In order to run these files, you must have a compatible compiler for C code
(see https://www.mathworks.com/support/requirements/supported-compilers.html),
and you must enter the line "mex MIxnyn.C" into matlab command line. This
will compile all required C code.
3. The .m files described in the text of Ref. [1]. For examples of how
to run these files on data, see the ExampleScripts below.
findMI_KSG_subsampling.m - This function calculates the mutual
information between X and Y both for the full data set and for
a series of nonoverlapping subsets, and outputs both that
information for each of the subsets. This also allows the user
to check for sample size dependent bias in the mutual
information estimate.
findMI_KSG_stddev.m - This function calculates the error bars
for the mutual information estimate, using the chi-squared
method described in [1], which involves extrapolating from
the variances at smaller N’s to the variance at the full
sample size. This function takes as an input the outputs of
findMI_KSG_subsampling.m.
findMI_KSG_bias_kN.m - This function calls both
findMI_KSG_subsampling.m and findMI_KSG_stddev.m. It
performs the information estimates at various values of k,
allowing the user to check the k-dependence of the mutual
information estimate, and outputs the mutual information
and error bars for all requested values of k.
reparamaterize_data.m - As discussed in Ref. [1],
reparamaterizing data to a gaussian can aid in mutual
information estimates. This function reparamaterizes the
input variable to a gaussian.
3. A folder titled ‘ExampleScripts’, which contains scripts to perform
analyses similar to those in the figures of Ref. [1]. We recommend going
through these in order, as they build in complexity. The 'tutorial' branch
contains a more open-ended informal introduction to the code, if that is
preferred.
a. gaussianExample.m - this function performs mutual information
estimation on correlated gaussian data. It generates
figures similar to Figs. 2, 3 in Ref. [1], which show how
error bars are calculated, and how mutual information
estimates depends on k and on N.
b. logNormalExample.m - this shows how error bars are
calculated and how mutual information estimates depend on
k and N for log-normal bivariate date. It also
demonstrates the effects of reparameterizing the data and
generates the equivalent of Fig. 4 in Ref. [1].
c. NfkappaBDataAnalysis.m -- this function performs mutual
information estimation on N-kappaBData.mat. It generates two
plots comparing the N-dependence of mutual information
estimates with and without reparamaterization. The version
with reparamaterization is equivalent to Fig. 7 in Ref. [1].

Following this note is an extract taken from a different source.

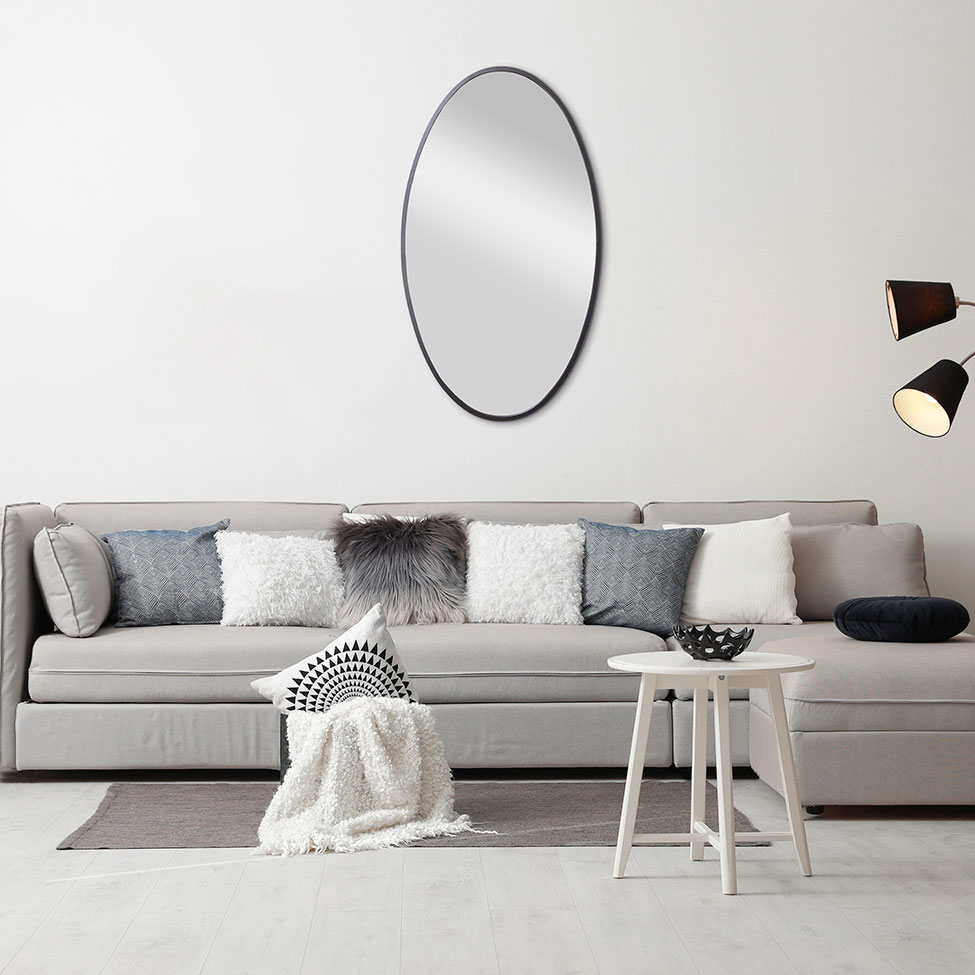 Espelho Decorativo Oval Jasmin 40X70 cm Preto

d. NfkappaBData.mat -- this is the data file for data used in
Fig. 7 in Ref. [1]. The data lists single cell NF-kappaB
(P65 nuclear localization) and p-ATF-2 activation and in
response to a doze of the TNF stimulus. See Ref. [1] and
Cheong, R., Rhee, A., Wang, C. J., Nemenman, I., &
Levchenko, A. (2011). Information transduction
capacity of noisy biochemical signaling
networks. Science 334(6054), 354–358.
for additional details about the data.
e. finchDataAnalysis.m -- this function performs mutual information
estimation on finchData.mat, and is equivalent to Fig. 8 in
Ref. [1].
f. finchData.mat - this file contains the data used
finchDataAnalysis.m. This data was used in Fig 8 in Ref.

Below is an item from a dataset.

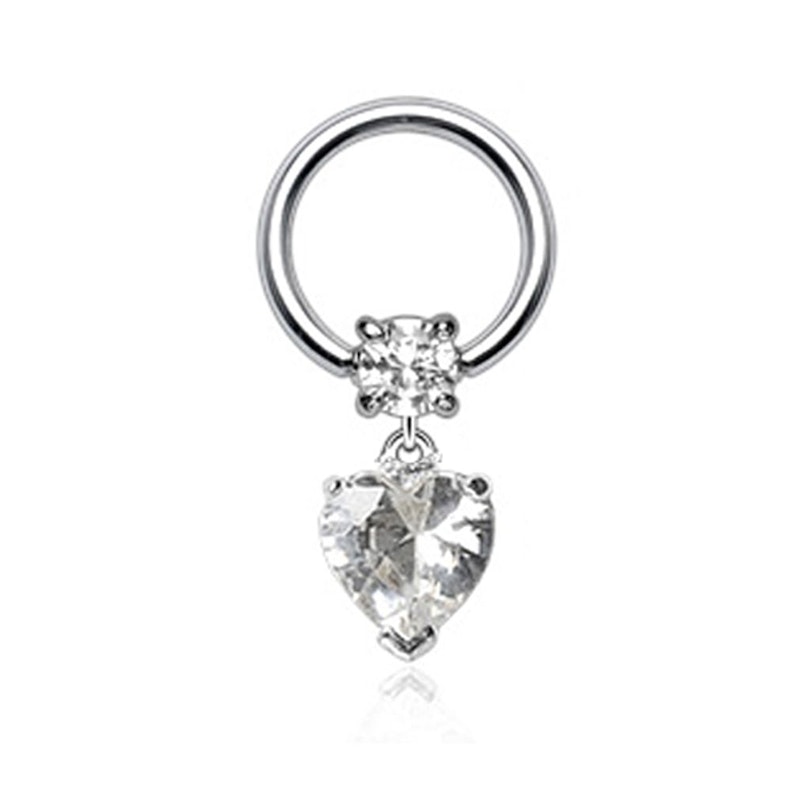 Ring med hjertevedhæng Kropspiercing - Danmark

[1]. The data is two consecutive interspike intervals (X),
and the following two consecutive interspike intervals (Y),
for a motor unit in an anesthetized finch. See Ref. [1] and
Srivastava, K., Holmes, C. M., Vellema, M., Pack, A. R.,
Elemans, C. P. H., Nemenman, I., Sober, S. J. (2017).

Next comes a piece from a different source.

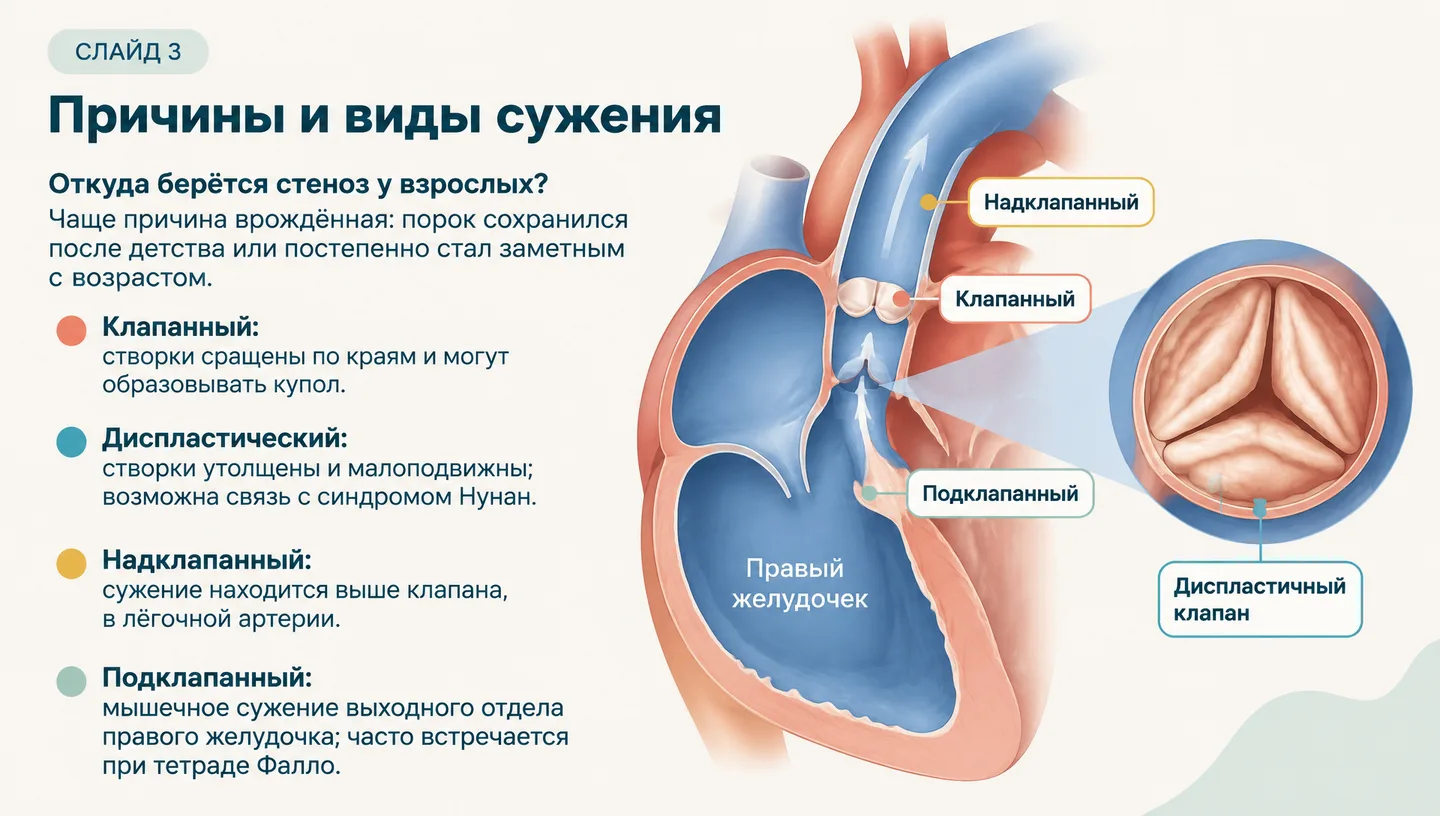 Причины и виды сужения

Motor control by precisely timed spike patterns. Proc
Natl Acad Sciences 114(5), 1171-1176.
=====OVERVIEW OF HOW TO USE THE PACKAGE=====
The function findMI_KSG_bias_kN.m can be used as a one-line command to
estimate mutual information. It allows as inputs flags that determine
whether a large number of plots are created; these plots mirror the analyses
discussed in our 2019 paper about choosing the parameter k and checking
for bias.
If reparameterization is required, one should reparameterize the data before
plugging it into findMI_KSG_bias_kN.